◆ Source records:
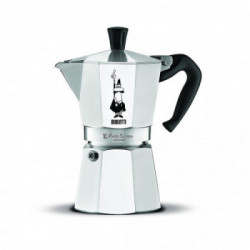 Bialetti Moka Express - Caffettiera in Alluminio, 4 Tazze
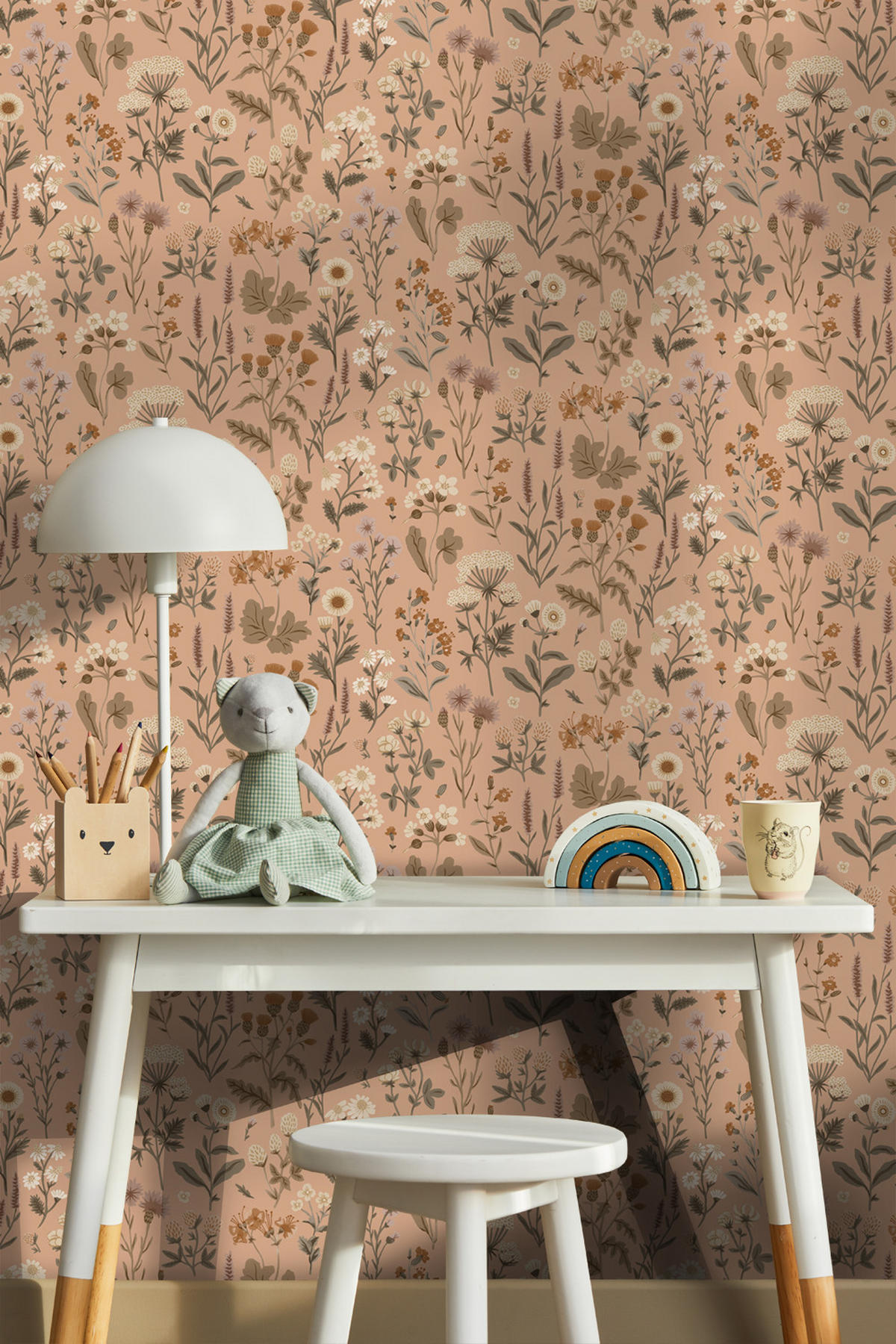 TAPETE Feldblumen 50 x 900 cm - Terracotta, Papier (50/900cm) - Sanders & Sanders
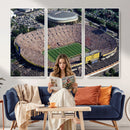 Michigan Wolverines Football Team Print - Ann Arbor Michigan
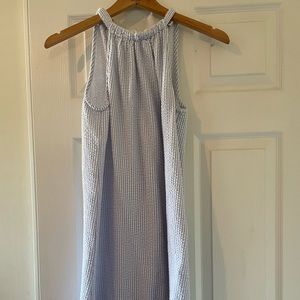 Seersucker beach dress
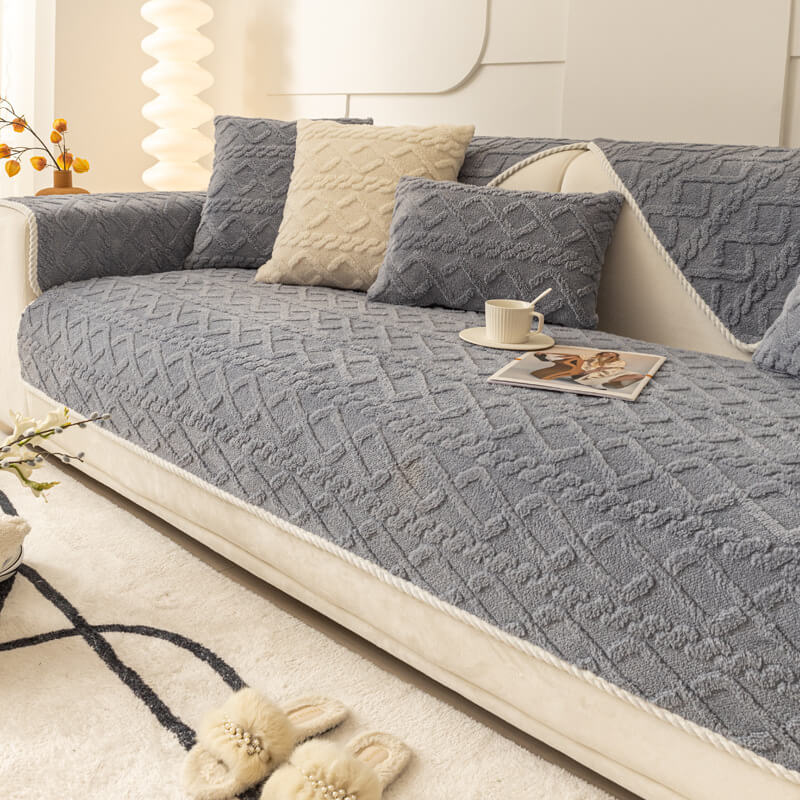Nice gift*Anti slip fleece sofa cover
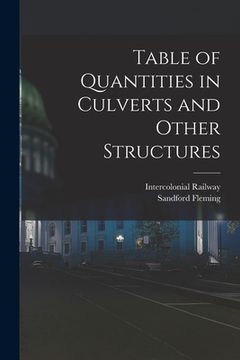 portada Table of Quantities in Culverts and Other Structures (en Inglés)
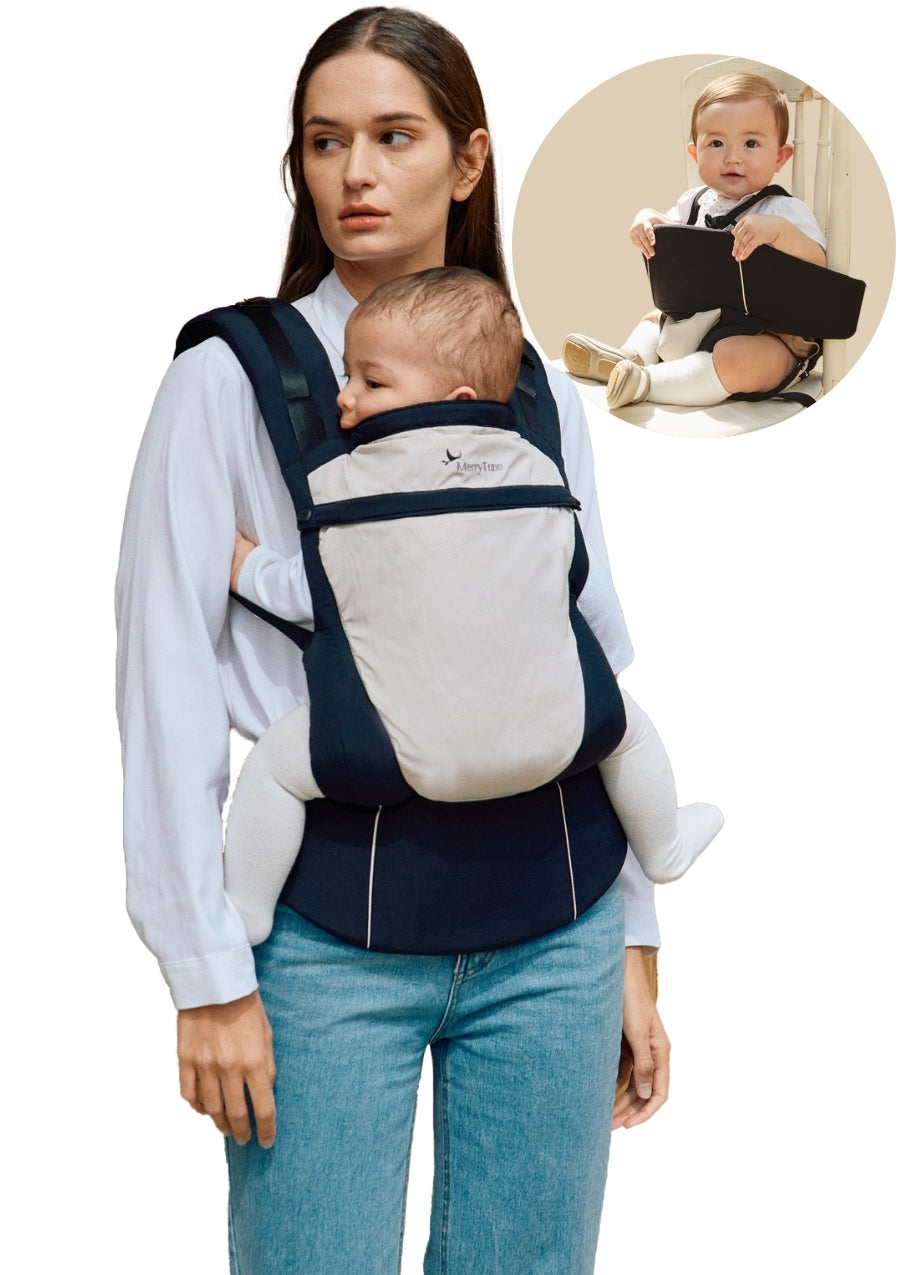 MerryTune Ultimate Baby Carrier with Potable Harness Seat - All Season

◆ Assigned task:
What is needed is the full material, retyped unchanged, with no pictures in it.

◆ Solved exercise:
 Bialetti Moka Express - Caffettiera in Alluminio, 4 Tazze
 TAPETE Feldblumen 50 x 900 cm - Terracotta, Papier (50/900cm) - Sanders & Sanders
 Michigan Wolverines Football Team Print - Ann Arbor Michigan
 Seersucker beach dress
Nice gift*Anti slip fleece sofa cover
 portada Table of Quantities in Culverts and Other Structures (en Inglés)
 MerryTune Ultimate Baby Carrier with Potable Harness Seat - All Season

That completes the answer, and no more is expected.